The name Dorset Mountain struck Hitchcock as underwhelming and nonspecific. It was, in fact, he argued, “no name at all, as there are more mountains than one in Dorset.” In fact, as if to prove his point, the town had another peak in its northwest corner also known as Dorset Mountain.
Hitchcock, who was a professor and president of Amherst before becoming Vermont’s state geologist, had a thing against the way Vermonters named their peaks. Too often, he believed, mountains were given names that “derived from some trivial circumstance.” Such names were “not only devoid of all good taste, but convey only low or ridiculous ideas.”
Hitchcock, who was also a Congregational minister, provided numerous examples of such “vulgar” names: Mount Tom, Joe’s Hill, Tug Mountain, Bone Mountain, Cobble Mountain, Potato Hill (he knew of at least two of those in Vermont), Devil Hill, Swearing Hill (supposedly named for an incident in which two hunters exchanged choice words over who should claim some game) and Camel’s Hump, or, worse presumably, Camel’s Rump.

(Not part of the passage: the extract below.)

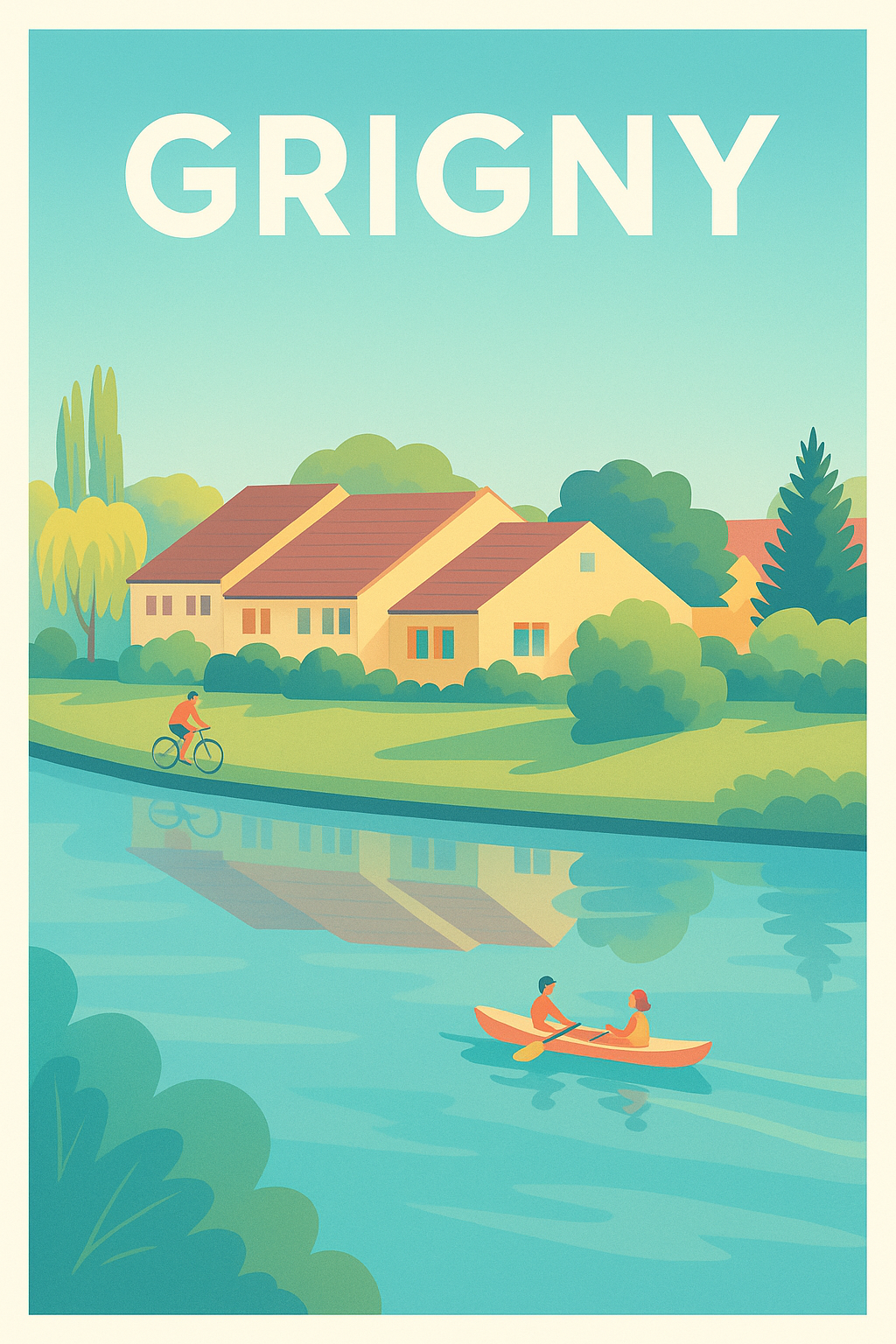 Affiche Grigny — Charme bucolique au fil de l'eau · poster d'art de Grigny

Hitchcock was an educated man who believed Greek and Latin words were more poetic than English ones. He seemed to believe that these words were more timeless, though you could argue that his fixation with the Greeks and Romans, which was common in the United States during much of the 19th century, was merely faddish. Other acceptable names, according to Hitchcock, were ones in Hebrew or Native American languages.
Poring over Vermont maps as the state geologist, Hitchcock must have found some names to his liking. The state has a few mountains that are identified from Native American names, including Ascutney (apparently arising from an Abenaki word “Ascutegnik,” though some claim it somehow came from either “Casadnac or “Mahpscadna”), Moosalamoo, Nickwackett and Pico. The Hoosic and Taconic ranges both also owe their names to Indian words.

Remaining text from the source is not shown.